Quelle force cherchons-nous à accueillir en ce jour ?
Qu’est-ce qui exige de la force ?
– Voir le monde dans sa réalité.
Oui, être solidaire des souffrances est en notre temps particulièrement éprouvant.
Ils sont nombreux, les innocents condamnés qui tombent sous les coups
et à qui l’on arrache la vie en un instant.
Attentats, guerres, famines, exil, chômage, dépression…
La violence et la souffrance accablent l’humanité.

À force de voir les images et d’entendre les commentaires
nos cœurs saturés se protègent et risquent de se fermer.
C’en est trop… la répétition et l’accumulation finissent par nous insensibiliser.

Un grand croyant âgé disait : « Pour voir le monde vraiment tel qu’il est, il faudrait tenir la main de Dieu et n’ouvrir les yeux que quelques instants… ».

« Ô Jésus, par tes blessures, tu me rends toujours plus fort… ».
La Passion de Jésus est pour nous la force
capable de soutenir et élargir notre cœur…
parce que Jésus dans sa Passion nous montre
à quel point il insère en toute situation
la présence et l’amour de Dieu.
Rien n’est parvenu à diminuer l’amour de Jésus pour les êtres humains.

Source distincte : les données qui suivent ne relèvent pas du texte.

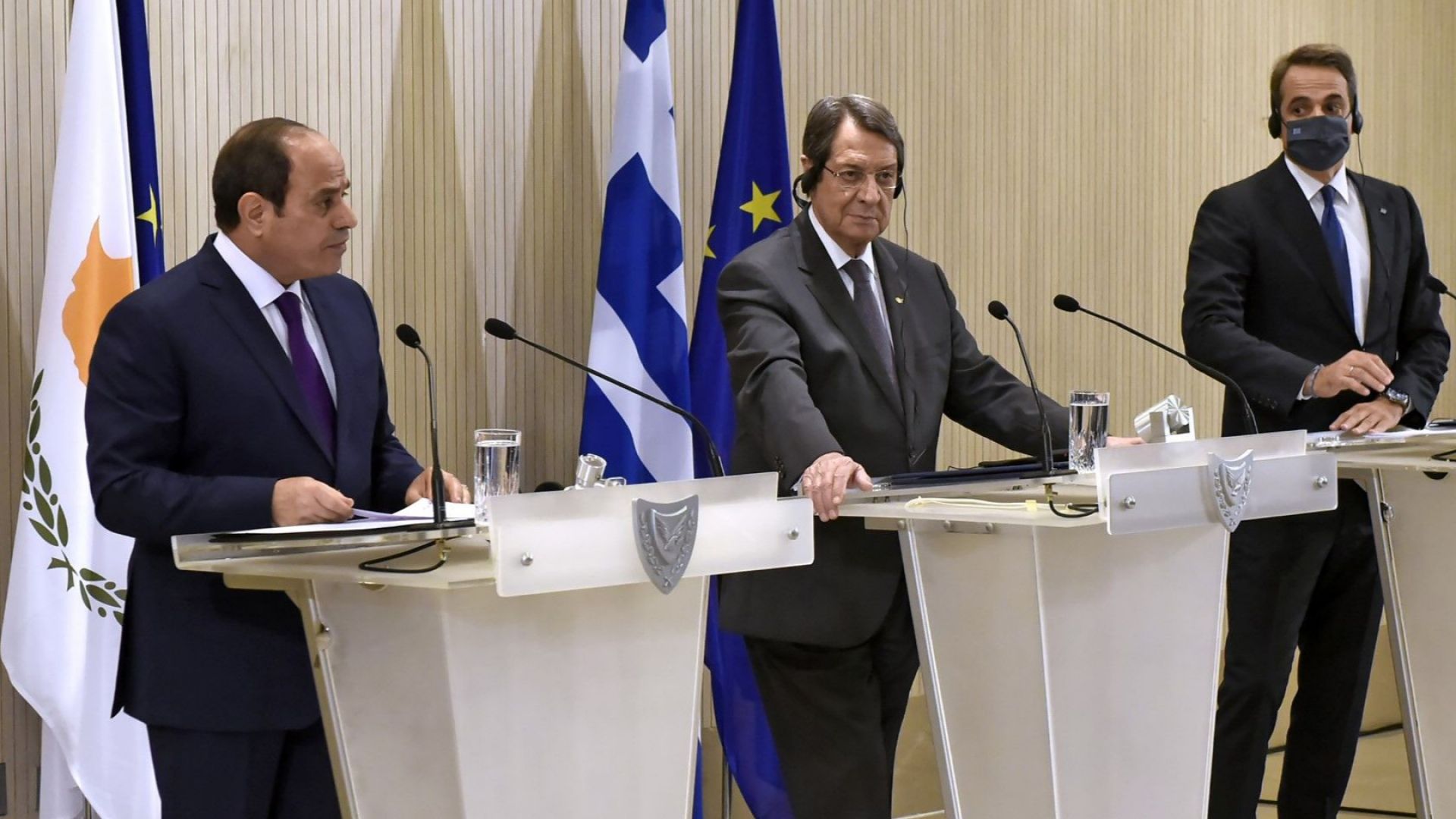 Гърция помоли страните от ЕС да не продават оръжия на "агресивна Турция"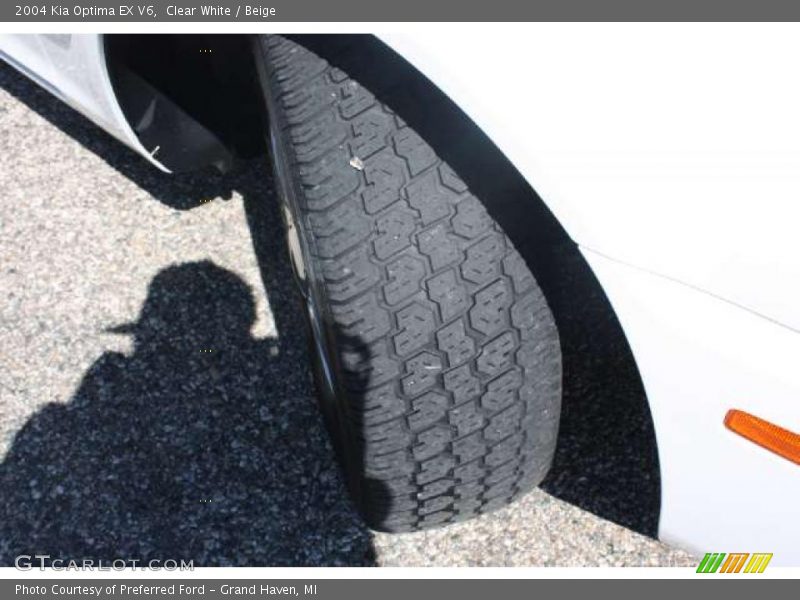 Clear White / Beige 2004 Kia Optima EX V6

Risquons-nous donc sur cette route de prière
qu’est la méditation de la Passion du Christ.
Elle libérera notre miséricorde engourdie,
elle réveillera notre compassion,
elle enracinera notre confiance
et affermira notre espérance.

« Père très saint, Créateur de toute vie,
ton Fils Jésus s’est librement donné,
jusqu’à son sang répandu,
pour délivrer chaque être humain des forces de la mort.
Sois proche en notre temps de toute personne
qui connaît des souffrances inexprimables
et de nos semblables dont la vie est menacée ou anéantie.
Dans ta bonté, maintiens ta providence
et permets que le cours des événements du monde
soient infléchis vers ta volonté de guérison, de justice et de paix.
Que ton Église se consacre à ton service avec une confiance renouvelée,
et qu’elle s’engage avec constance pour la libération et le salut de tout être humain,
en union avec Jésus, le Christ, notre Seigneur.
– Amen. »

1Nicolas Velimirovitch, cité par D. BOURGUET dans L’Évangile médité par les Pères. Jean, Ed. Olivetan, Lyon, 2010, p.182.

2Olivier CLÉMENT, Joie de la Résurrection. Variations autour de Pâques, Salvator, Paris, 2015, p.23.